Bir de doğal gaz fiyatları konusu var. İYİ Parti Genel Başkanı Meral Akşener, "Almanya ve Bulgaristan, aynı gazı Rusya''dan bizim aldığımızdan yüzde 40, yüzde 50 civarında daha ucuza alıyor. Bu işte, sizce de bir gariplik yok mu? Hayırdır Sayın Erdoğan? Biz bu doğal gazı, Putin''le kurduğun kankalığa rağmen neden bu kadar fahiş bir fiyata alıyoruz? Almanya ve Bulgaristan, bu gazı yarı yarıya ucuza alırken, biz göz göre göre niye soyuluyoruz?" diye sordu.

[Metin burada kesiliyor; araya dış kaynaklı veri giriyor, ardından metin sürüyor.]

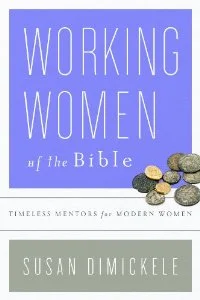 Working Women Of The Bible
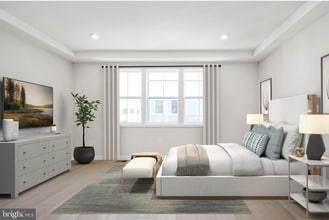 4768 Sully Point Ln in Chantilly, VA - Building Photo - Building Photo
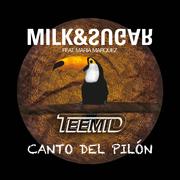 Canto Del Pilón (TEEMID Bootleg)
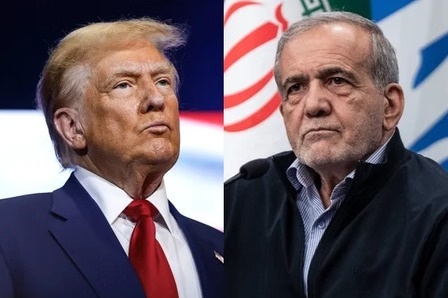 "Điểm nóng" Trung Đông ngày 16/7: Mỹ siết trừng phạt Iran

Konuyu ilk defa Ocak 2020''de BBC Türkçe''de Fundanur Öztürk, "Avrupa piyasalarında bin metreküp doğal gazın fiyatı ortalama 120 Dolar seviyesindeyken Türkiye bin metreküp doğal gazı yaklaşık 280 Dolar seviyesinden (1.660 TL) alıyor, BOTAŞ''ın güncel tarifesine göre ise bin m3 satış fiyatı 1251 TL." tespitiyle gündeme getirmişti. O zaman ben de defalarca aradaki farkın sebebini sormuş ama hiçbir cevap alamamıştım...

***

Çok ilginç propaganda yöntemleri kullanılıyor. İktidar, kendi mensuplarının işlediği bütün suçları, yansıtma yöntemiyle sanki muhalefet işlemiş gibi gösteriyor!

Tabii muhalefet de eleştirilmelidir ama doğal gazı bu kadar pahalı alan ve aradaki farkı izah edemeyen kimdir?

Gazeteci Metin Cihan''ın ortaya çıkardığı paralel devlet yapılanmasını ve çürümeyi gösteren "TÜGVA listeleri" skandalının sorumlusu kimdir?

Veya Sedat Peker''in ortaya çıkardığı Kolombiya-Venezuela-Türkiye uyuşturucu hattının ve gemiyle getirilen 4 ton 900 kilo kokainin sorumlusu kimdir?

Sahi ülke yönetimine kimler talip olabilir? Siyasi meşruiyeti dışarıda bulanlar mı?